Starting at the line below holding "Lámpara de cristal y espejo vintage francesa" and stopping at the line holding "scott 4419 roll", print every line exactly, both ends included, and leave the rest out.
--- Study material Enclosed Below ---
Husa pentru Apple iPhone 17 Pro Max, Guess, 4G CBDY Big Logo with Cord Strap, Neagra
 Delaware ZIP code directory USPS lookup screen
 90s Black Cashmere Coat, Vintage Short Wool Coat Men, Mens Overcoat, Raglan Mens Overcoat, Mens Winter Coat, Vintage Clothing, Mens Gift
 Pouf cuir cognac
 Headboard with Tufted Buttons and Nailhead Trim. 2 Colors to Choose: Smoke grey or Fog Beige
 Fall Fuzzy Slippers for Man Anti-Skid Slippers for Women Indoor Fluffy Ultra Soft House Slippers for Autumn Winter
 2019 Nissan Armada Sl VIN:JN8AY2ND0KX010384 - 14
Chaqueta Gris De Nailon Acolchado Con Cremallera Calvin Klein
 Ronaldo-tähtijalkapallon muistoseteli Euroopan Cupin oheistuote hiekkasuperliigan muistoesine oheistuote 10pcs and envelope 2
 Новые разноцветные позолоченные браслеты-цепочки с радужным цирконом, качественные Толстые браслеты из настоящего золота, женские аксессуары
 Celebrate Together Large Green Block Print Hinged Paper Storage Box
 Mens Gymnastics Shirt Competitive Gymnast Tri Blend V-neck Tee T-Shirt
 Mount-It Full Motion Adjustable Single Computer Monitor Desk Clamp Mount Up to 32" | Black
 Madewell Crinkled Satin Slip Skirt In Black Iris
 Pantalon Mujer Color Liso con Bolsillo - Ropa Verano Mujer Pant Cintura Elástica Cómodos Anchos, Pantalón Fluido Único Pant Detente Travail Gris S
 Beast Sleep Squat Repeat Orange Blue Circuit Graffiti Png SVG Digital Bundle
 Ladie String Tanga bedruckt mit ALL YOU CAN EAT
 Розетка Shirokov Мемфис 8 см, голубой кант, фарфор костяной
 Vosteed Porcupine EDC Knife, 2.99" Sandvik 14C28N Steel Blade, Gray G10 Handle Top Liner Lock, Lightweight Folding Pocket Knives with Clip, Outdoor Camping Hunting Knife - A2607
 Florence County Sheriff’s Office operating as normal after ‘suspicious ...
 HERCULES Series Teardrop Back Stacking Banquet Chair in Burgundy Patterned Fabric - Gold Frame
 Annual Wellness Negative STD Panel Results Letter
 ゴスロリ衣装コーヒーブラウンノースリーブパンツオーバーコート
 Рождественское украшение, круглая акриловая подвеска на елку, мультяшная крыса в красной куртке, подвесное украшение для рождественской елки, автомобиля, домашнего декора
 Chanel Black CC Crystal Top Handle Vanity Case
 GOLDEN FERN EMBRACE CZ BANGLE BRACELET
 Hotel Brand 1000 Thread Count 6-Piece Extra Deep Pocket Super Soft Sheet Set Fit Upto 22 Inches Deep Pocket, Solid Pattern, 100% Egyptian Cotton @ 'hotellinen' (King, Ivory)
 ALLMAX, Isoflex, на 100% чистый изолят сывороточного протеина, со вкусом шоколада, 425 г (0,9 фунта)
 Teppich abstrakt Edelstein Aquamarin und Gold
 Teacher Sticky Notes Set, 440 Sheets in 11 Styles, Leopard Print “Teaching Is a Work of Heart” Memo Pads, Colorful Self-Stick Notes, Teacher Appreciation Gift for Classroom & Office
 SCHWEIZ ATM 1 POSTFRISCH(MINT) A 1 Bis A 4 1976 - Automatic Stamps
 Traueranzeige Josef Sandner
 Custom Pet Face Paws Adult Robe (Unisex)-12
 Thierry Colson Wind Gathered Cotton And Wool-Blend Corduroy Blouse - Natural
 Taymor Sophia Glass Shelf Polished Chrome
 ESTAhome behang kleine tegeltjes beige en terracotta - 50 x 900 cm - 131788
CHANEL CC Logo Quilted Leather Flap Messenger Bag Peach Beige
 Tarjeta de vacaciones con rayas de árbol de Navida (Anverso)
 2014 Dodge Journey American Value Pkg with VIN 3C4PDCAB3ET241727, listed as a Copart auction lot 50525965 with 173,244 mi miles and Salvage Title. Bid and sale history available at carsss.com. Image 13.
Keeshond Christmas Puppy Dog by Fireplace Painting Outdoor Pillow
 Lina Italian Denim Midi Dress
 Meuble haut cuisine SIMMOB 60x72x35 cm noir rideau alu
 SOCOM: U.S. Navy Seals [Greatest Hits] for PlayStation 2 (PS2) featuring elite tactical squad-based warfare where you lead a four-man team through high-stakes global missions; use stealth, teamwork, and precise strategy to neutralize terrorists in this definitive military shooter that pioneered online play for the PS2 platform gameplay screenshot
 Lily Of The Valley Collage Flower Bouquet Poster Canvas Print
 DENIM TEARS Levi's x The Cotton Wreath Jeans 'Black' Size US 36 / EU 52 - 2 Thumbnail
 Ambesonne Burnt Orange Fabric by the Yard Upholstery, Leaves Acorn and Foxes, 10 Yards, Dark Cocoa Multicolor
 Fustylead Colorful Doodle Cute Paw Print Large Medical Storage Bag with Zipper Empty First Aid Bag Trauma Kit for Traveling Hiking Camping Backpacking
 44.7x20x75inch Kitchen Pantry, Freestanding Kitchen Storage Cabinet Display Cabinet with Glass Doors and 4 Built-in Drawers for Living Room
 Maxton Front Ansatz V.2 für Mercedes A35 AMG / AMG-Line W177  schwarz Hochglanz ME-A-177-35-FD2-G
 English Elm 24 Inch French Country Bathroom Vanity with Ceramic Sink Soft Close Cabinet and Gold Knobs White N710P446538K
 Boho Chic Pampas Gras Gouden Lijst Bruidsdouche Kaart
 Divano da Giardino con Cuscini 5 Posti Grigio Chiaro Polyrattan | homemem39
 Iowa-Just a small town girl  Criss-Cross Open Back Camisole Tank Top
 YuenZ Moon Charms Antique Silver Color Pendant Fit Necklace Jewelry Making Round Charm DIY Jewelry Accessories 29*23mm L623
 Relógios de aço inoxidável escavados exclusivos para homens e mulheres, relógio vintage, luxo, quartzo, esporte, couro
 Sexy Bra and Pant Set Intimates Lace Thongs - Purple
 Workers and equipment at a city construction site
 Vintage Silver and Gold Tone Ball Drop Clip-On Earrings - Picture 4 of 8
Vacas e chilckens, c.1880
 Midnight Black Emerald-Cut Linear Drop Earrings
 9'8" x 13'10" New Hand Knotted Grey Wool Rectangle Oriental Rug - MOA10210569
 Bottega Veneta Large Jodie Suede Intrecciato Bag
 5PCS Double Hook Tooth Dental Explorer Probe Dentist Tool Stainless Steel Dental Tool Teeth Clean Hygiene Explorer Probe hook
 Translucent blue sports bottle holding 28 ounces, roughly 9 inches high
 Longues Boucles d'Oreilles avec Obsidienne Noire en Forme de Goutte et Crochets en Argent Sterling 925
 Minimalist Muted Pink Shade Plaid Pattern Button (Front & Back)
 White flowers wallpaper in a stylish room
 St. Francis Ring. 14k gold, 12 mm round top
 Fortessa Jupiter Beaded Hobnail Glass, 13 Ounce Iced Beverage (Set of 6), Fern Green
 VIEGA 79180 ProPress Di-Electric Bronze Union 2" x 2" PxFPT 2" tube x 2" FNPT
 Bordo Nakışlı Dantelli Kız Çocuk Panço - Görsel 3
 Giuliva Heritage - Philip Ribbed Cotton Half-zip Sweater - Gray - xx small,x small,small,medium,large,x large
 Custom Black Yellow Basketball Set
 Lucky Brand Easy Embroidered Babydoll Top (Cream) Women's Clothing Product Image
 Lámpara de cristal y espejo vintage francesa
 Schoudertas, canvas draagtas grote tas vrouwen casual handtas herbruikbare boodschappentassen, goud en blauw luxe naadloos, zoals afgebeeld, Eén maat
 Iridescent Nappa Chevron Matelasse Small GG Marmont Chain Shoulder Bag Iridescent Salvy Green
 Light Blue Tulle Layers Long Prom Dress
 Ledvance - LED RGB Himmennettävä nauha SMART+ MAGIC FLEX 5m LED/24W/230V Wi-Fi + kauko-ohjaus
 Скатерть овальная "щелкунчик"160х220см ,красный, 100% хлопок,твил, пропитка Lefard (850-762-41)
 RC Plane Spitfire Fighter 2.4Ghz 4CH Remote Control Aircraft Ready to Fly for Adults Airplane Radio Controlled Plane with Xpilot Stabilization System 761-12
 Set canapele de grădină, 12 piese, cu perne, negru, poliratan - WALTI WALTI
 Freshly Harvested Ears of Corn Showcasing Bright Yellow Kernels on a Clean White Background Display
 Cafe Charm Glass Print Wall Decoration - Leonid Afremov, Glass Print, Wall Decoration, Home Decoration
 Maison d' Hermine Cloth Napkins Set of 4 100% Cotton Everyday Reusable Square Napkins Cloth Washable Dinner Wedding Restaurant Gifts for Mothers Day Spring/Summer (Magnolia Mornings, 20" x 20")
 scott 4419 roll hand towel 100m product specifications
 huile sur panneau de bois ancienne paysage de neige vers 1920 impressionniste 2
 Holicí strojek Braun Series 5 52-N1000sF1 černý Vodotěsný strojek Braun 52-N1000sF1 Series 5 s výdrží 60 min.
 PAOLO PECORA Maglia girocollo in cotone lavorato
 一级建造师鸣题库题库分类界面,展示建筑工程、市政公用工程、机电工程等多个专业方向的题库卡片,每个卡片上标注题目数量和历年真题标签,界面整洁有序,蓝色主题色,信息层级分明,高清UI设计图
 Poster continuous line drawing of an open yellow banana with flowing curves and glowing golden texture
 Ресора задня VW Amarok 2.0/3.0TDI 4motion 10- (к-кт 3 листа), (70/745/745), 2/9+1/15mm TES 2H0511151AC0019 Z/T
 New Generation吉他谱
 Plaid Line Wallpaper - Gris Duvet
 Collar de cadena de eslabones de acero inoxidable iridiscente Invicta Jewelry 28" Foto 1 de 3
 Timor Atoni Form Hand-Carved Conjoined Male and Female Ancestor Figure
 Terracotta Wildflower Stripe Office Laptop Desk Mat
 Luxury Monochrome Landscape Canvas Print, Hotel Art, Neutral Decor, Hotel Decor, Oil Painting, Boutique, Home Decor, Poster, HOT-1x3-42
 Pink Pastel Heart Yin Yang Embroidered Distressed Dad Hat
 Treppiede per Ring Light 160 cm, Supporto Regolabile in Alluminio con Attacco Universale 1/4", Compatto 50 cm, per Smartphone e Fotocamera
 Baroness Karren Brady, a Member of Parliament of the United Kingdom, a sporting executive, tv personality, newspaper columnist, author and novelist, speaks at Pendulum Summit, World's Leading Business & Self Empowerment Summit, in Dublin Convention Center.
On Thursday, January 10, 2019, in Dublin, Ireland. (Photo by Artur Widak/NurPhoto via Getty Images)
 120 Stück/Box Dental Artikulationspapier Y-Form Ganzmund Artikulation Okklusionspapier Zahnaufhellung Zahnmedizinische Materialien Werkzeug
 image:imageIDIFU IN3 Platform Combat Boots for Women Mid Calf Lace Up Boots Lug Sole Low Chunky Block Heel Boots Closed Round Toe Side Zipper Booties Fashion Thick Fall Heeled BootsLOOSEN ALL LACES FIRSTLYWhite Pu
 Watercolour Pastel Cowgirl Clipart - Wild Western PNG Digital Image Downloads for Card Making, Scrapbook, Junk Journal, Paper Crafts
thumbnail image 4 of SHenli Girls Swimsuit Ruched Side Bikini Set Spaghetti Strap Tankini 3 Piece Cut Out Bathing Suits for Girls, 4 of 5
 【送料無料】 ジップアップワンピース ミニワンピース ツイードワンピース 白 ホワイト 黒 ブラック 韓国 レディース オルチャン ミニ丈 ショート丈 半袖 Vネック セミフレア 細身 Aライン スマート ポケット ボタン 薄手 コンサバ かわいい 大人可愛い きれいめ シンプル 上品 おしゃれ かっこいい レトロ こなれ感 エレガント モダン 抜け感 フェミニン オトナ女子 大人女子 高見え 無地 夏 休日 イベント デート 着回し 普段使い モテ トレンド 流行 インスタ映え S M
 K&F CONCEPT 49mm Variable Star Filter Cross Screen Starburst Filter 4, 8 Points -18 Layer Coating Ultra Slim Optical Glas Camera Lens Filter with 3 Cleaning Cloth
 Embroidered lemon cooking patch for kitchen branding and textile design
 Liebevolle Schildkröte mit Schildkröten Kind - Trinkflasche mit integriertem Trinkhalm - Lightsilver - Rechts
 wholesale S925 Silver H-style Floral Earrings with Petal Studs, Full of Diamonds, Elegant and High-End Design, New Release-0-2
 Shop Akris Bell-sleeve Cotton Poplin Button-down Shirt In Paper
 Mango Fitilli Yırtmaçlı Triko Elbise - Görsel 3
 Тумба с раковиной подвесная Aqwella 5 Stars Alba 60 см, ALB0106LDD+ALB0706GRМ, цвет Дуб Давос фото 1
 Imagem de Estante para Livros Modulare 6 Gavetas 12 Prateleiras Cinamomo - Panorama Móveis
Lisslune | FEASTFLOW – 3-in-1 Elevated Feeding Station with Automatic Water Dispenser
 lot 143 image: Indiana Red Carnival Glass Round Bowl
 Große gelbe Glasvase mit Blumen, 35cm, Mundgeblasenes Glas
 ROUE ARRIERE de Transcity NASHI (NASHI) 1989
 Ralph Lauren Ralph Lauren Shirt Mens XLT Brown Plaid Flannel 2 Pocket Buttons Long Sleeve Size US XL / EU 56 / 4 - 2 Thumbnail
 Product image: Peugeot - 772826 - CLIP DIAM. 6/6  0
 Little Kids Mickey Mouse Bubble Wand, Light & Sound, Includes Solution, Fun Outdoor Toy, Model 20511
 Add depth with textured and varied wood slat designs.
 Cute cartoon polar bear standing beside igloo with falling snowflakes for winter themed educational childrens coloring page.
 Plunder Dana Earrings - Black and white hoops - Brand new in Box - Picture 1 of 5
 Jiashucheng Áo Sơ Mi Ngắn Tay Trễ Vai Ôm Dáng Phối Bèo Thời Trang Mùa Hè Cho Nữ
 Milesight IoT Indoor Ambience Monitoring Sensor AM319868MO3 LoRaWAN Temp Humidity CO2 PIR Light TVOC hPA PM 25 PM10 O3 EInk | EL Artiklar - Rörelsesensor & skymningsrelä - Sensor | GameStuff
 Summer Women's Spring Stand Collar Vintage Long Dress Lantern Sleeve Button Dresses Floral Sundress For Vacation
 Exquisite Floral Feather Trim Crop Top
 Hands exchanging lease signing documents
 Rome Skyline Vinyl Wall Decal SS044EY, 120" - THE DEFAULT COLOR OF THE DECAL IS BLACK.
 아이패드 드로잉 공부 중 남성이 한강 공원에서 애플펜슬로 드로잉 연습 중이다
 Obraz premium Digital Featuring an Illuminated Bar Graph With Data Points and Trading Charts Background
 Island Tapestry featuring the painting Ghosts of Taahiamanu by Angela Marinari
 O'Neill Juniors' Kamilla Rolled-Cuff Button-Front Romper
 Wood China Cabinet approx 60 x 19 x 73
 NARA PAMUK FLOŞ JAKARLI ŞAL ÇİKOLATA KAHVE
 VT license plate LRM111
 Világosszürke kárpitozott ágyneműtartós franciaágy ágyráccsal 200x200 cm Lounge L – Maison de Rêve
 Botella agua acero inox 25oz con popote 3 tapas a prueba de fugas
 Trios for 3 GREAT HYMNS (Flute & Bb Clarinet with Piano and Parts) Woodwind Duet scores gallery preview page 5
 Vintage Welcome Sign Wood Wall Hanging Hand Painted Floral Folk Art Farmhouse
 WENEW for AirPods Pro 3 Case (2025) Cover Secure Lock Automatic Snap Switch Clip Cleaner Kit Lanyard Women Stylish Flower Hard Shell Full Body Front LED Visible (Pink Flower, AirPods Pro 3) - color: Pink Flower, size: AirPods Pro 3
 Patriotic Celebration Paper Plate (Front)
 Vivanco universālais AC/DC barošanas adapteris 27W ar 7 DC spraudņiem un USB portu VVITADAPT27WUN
--- End of Enclosed Study material ---
Answer to the problem.
 Lámpara de cristal y espejo vintage francesa
 Schoudertas, canvas draagtas grote tas vrouwen casual handtas herbruikbare boodschappentassen, goud en blauw luxe naadloos, zoals afgebeeld, Eén maat
 Iridescent Nappa Chevron Matelasse Small GG Marmont Chain Shoulder Bag Iridescent Salvy Green
 Light Blue Tulle Layers Long Prom Dress
 Ledvance - LED RGB Himmennettävä nauha SMART+ MAGIC FLEX 5m LED/24W/230V Wi-Fi + kauko-ohjaus
 Скатерть овальная "щелкунчик"160х220см ,красный, 100% хлопок,твил, пропитка Lefard (850-762-41)
 RC Plane Spitfire Fighter 2.4Ghz 4CH Remote Control Aircraft Ready to Fly for Adults Airplane Radio Controlled Plane with Xpilot Stabilization System 761-12
 Set canapele de grădină, 12 piese, cu perne, negru, poliratan - WALTI WALTI
 Freshly Harvested Ears of Corn Showcasing Bright Yellow Kernels on a Clean White Background Display
 Cafe Charm Glass Print Wall Decoration - Leonid Afremov, Glass Print, Wall Decoration, Home Decoration
 Maison d' Hermine Cloth Napkins Set of 4 100% Cotton Everyday Reusable Square Napkins Cloth Washable Dinner Wedding Restaurant Gifts for Mothers Day Spring/Summer (Magnolia Mornings, 20" x 20")
 scott 4419 roll hand towel 100m product specifications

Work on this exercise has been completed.